— What you are asked to do —
An exact copy of the data is required; the images should not appear in it.

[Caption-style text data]
----

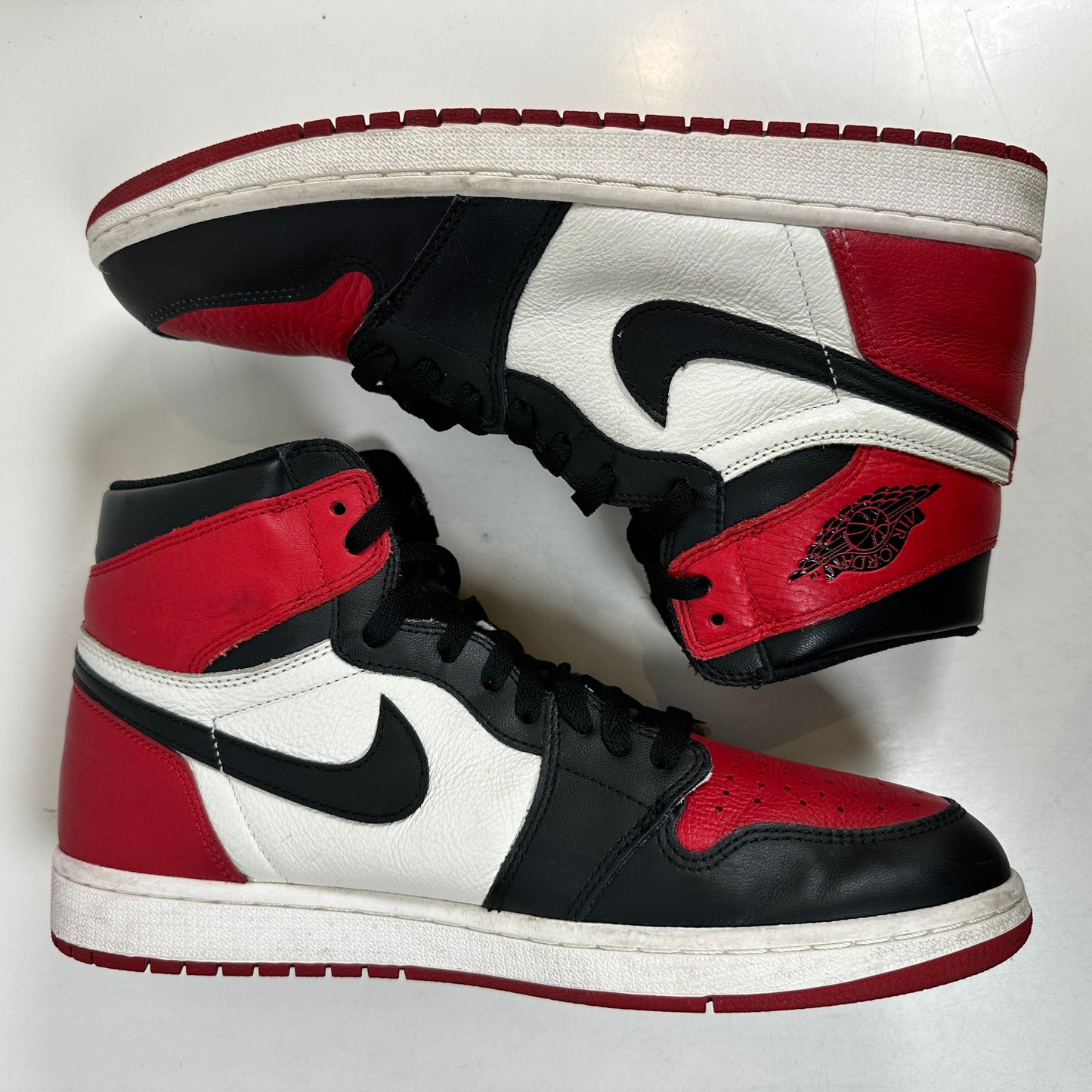 555088 610 Jordan 1 Bred Toe [USED] - 11.5 M (Used) (No Box)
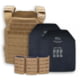 Predator Armor Polyethylene Level III Loaded Bundle, Coyote, 16x12, BDL-3PLYLBDL-CY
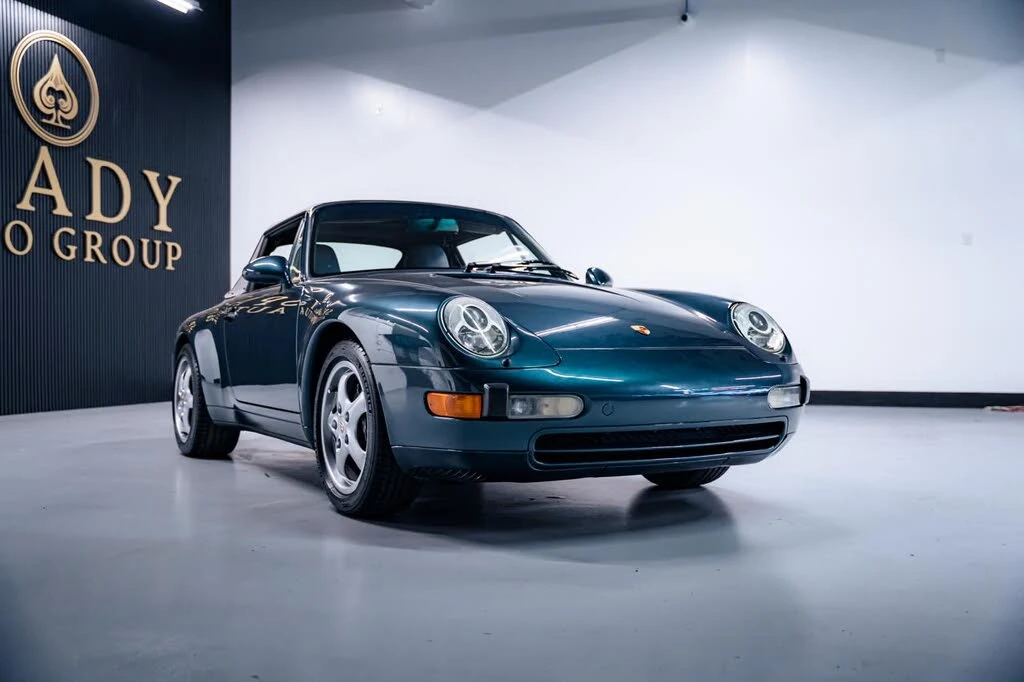 1995 Porsche 993 Carrera - Image 7 of 29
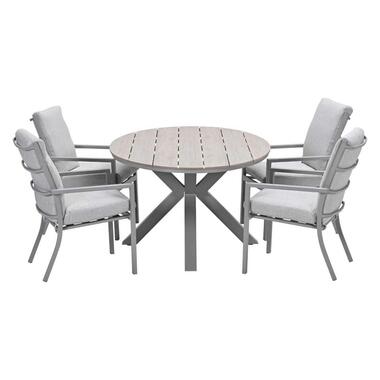Garden Impressions Senja - Tulli tuinset 5-delig valley sand 180x115cm product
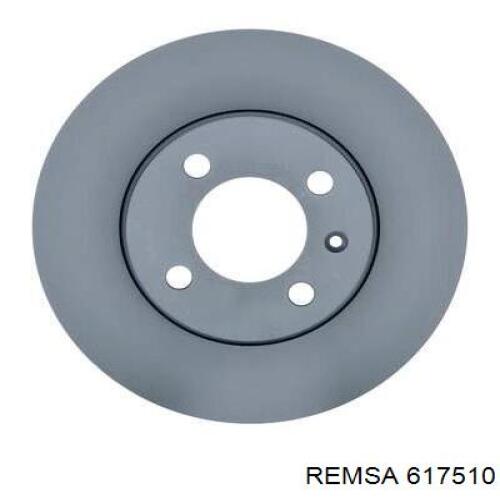 Передний тормозной диск Remsa 617510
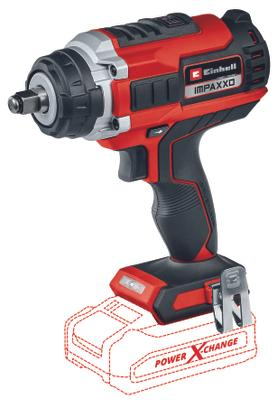 18V 1/2" Cordless Impact Wrench. Max torque 3,540 in/lbs, Einhell
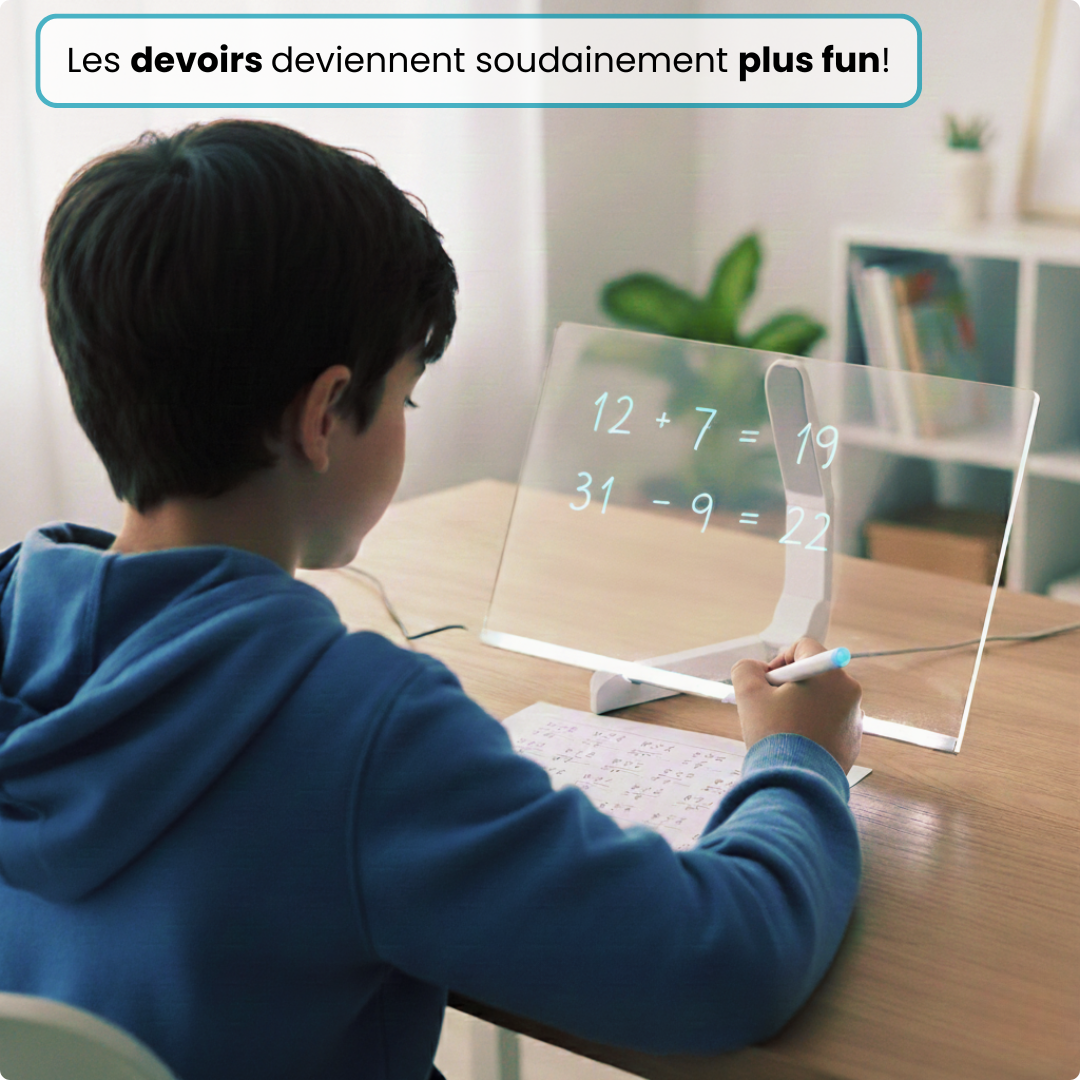 Tablette lumineuse LED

----

— Solution —
 555088 610 Jordan 1 Bred Toe [USED] - 11.5 M (Used) (No Box)
 Predator Armor Polyethylene Level III Loaded Bundle, Coyote, 16x12, BDL-3PLYLBDL-CY
 1995 Porsche 993 Carrera - Image 7 of 29
Garden Impressions Senja - Tulli tuinset 5-delig valley sand 180x115cm product
 Передний тормозной диск Remsa 617510
 18V 1/2" Cordless Impact Wrench. Max torque 3,540 in/lbs, Einhell
 Tablette lumineuse LED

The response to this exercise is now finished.